- **Work to complete**:
Using the listing below, copy exactly each line from the one that has "There's No Need" through the one that has "热刺不敌莱斯特城失利对球队未来走势的深远影响与反思"; omit the pictures.

- **Material for the task**:
********************

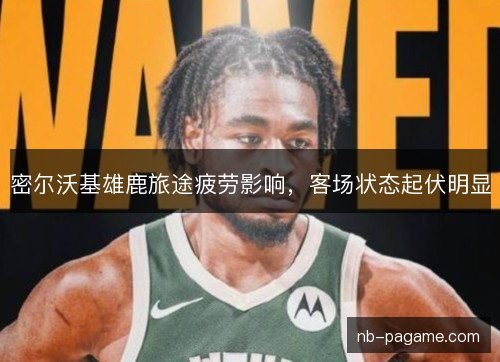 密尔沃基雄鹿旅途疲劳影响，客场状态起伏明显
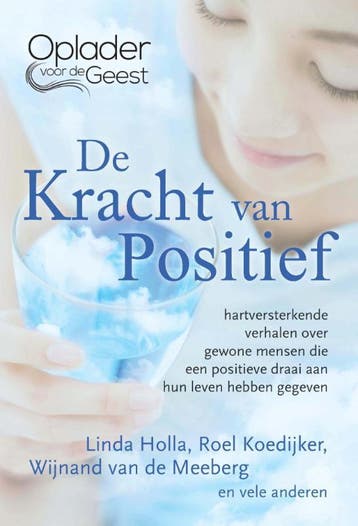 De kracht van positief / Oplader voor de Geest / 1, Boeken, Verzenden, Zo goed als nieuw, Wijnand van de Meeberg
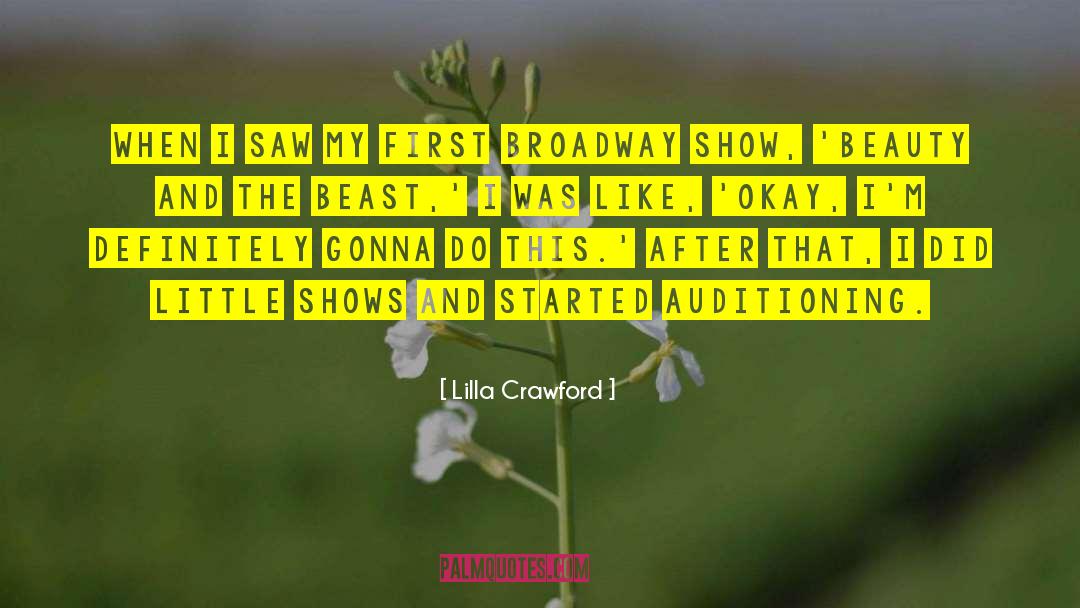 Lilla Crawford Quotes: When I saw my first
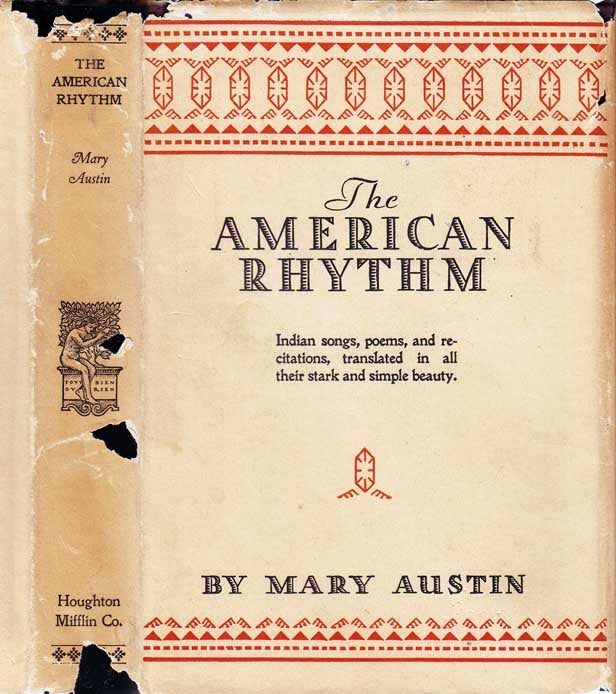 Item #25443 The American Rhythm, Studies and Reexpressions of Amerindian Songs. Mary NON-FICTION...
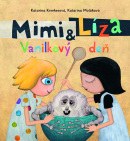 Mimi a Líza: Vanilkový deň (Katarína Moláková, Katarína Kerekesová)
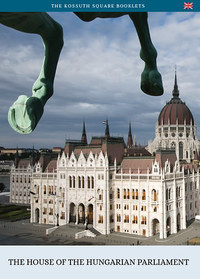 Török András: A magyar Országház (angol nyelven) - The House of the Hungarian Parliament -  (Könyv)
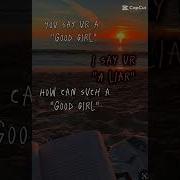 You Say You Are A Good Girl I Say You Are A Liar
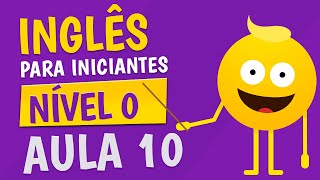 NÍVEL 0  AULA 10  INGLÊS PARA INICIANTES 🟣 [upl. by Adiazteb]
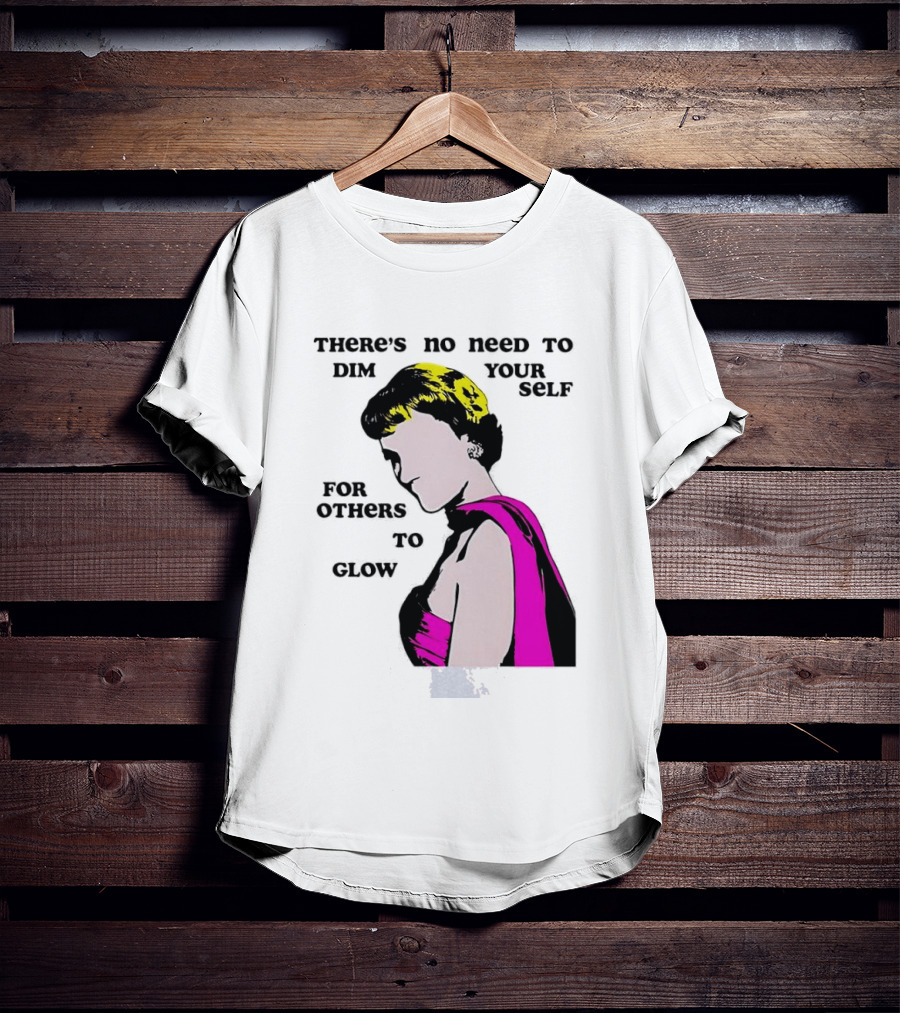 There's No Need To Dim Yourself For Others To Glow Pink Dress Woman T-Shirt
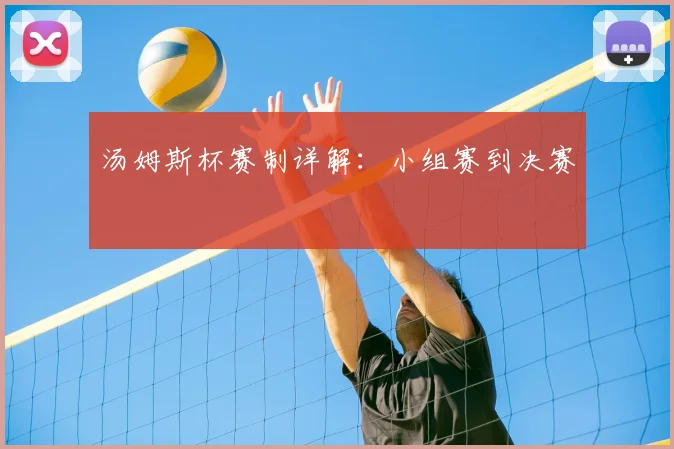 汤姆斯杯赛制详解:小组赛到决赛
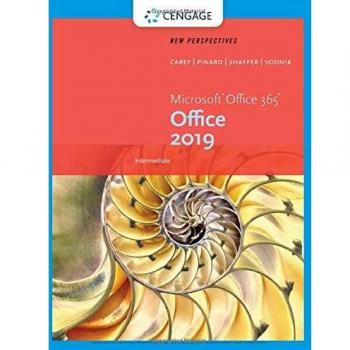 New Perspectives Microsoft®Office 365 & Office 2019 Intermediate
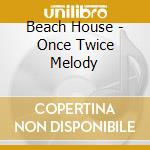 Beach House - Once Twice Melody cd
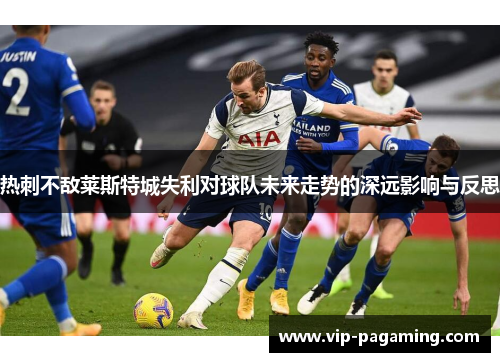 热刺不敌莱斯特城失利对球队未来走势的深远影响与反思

********************

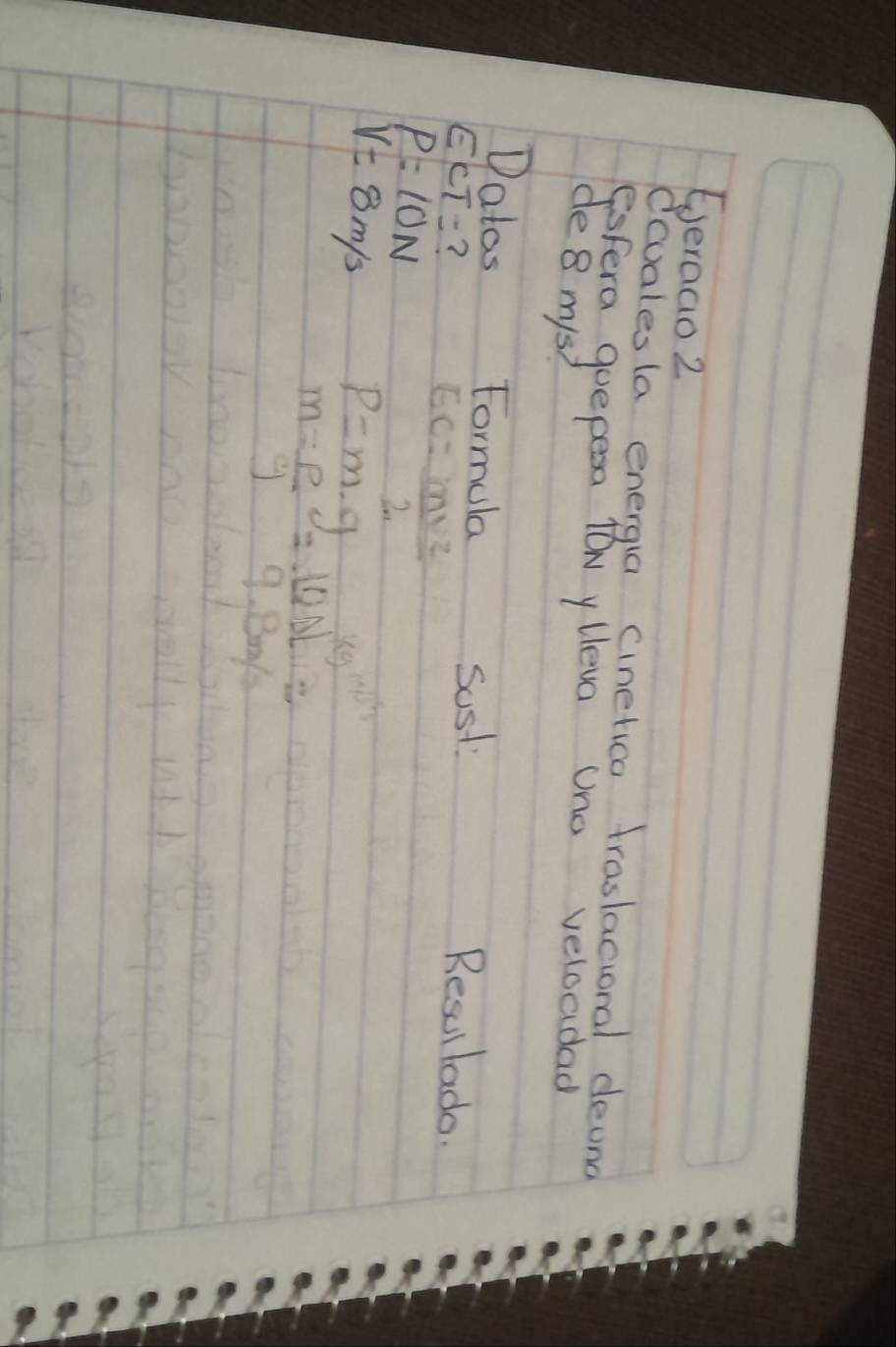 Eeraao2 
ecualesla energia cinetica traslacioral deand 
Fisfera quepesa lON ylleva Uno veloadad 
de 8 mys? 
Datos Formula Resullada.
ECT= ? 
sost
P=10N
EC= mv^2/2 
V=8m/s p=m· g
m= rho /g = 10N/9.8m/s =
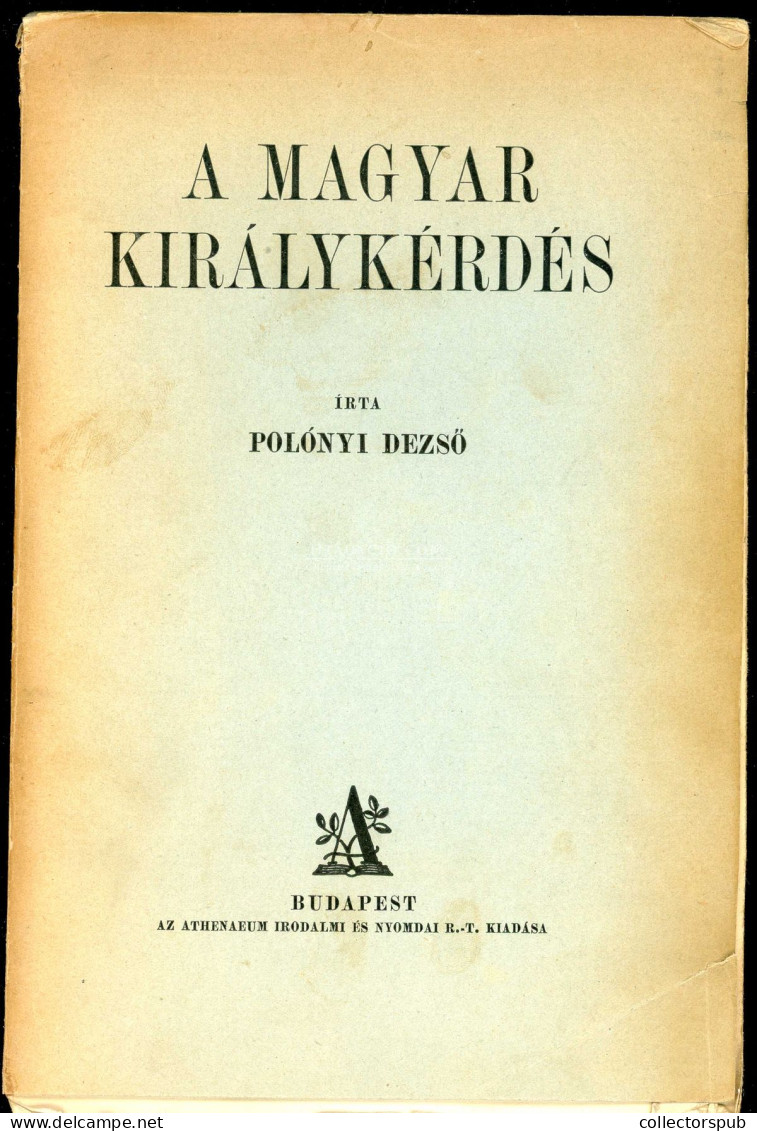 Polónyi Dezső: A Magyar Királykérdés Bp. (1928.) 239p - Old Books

********************

- **Answer box**:
 There's No Need To Dim Yourself For Others To Glow Pink Dress Woman T-Shirt
 汤姆斯杯赛制详解:小组赛到决赛
 New Perspectives Microsoft®Office 365 & Office 2019 Intermediate
 Beach House - Once Twice Melody cd
 热刺不敌莱斯特城失利对球队未来走势的深远影响与反思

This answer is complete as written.